Then I made tacos, and Tommy and Flobes rejoiced.

The End

11 July 2009

Ticket to Ride

Throughout my life, probably a bazillion times, I've thought I should have been born when my mother was. Not because I wanted to grow up with my mother, but to grow up in the 1970s. A month ago, I decided my dream was to be a flight attendant. I told my mother, and she told me it was her own dream 25 years ago. In the 70s, being a flight attendant was glamorous, and it came with a certain badge of attitude and independence for a woman.

Of course, nowadays, men can also be attendants and there aren't as many weight/appearance restrictions. Yet if I walk into a room full of lawyers tomorrow and they ask me what I do, and I say "I'm a flight attendant", everyone will pounce on me with amorous eyes and interested questions, because the occupation still carries that mysterious allure of the 1970s. It's what every awesome woman wanted to become, and who every man wanted to hook up with. An all-American geisha (not a prostitute, go look it up).

Upon this fabulous realization that I wanted to become a flight attendant, I began vigorously researching the road to my destination. Do you just apply? Where's the best place to put your foot in the door?

I found all sorts of advice, and absolutely no job openings.
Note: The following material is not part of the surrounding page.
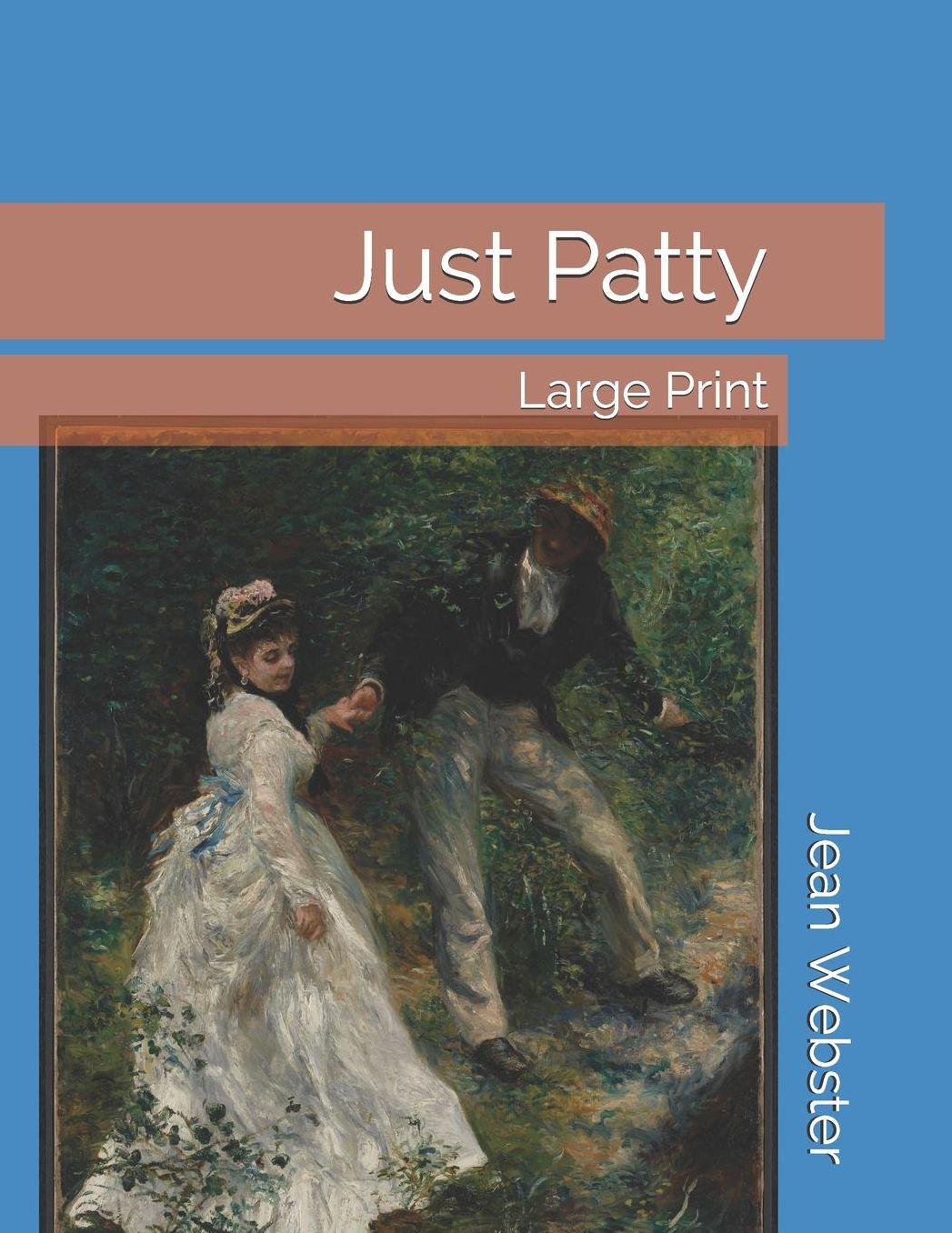 Just Patty: Large Print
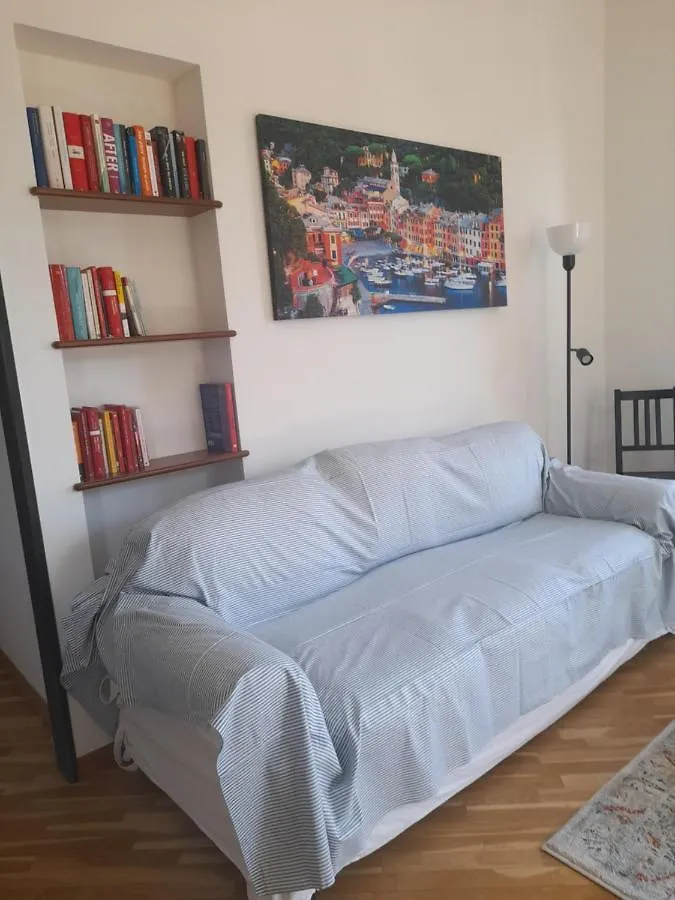 Holiday home Casa Marty Villa Rapallo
I think this is why flight attendants are historically mysterious--it's so goddamn hard to even get the job, and if you do, there's a waiting period of at least a year before you get more than one flight a month; you're basically a fill-in for sick or injured employees.

I still want to be a flight attendant. It's the perfect job--get paid for traveling, and it's normal to have another job or profession outside of your 3-4 flights a month. And free flights anywhere in space available, when you're not on board as cabin crew. This is my dream.

They've always told me I had my head in the clouds. I might as well get paid for it.

10 July 2009

Tiddlywinks

As promised, here is tiddlywinks.






I didn't write the Great American Novel yet today, but I have a fragment of a story. Well, one page. I tried really hard to finish it, but Tommy kept making sad faces and my cat (Flowbie) began to nom my face after a bit. Good ole' Flobes. Flobe.





a Flowbee in her natural habitat

09 July 2009

Five

Five cigarettes today. Not so bad compared to yesterday's 30, and it's already 6:35pm.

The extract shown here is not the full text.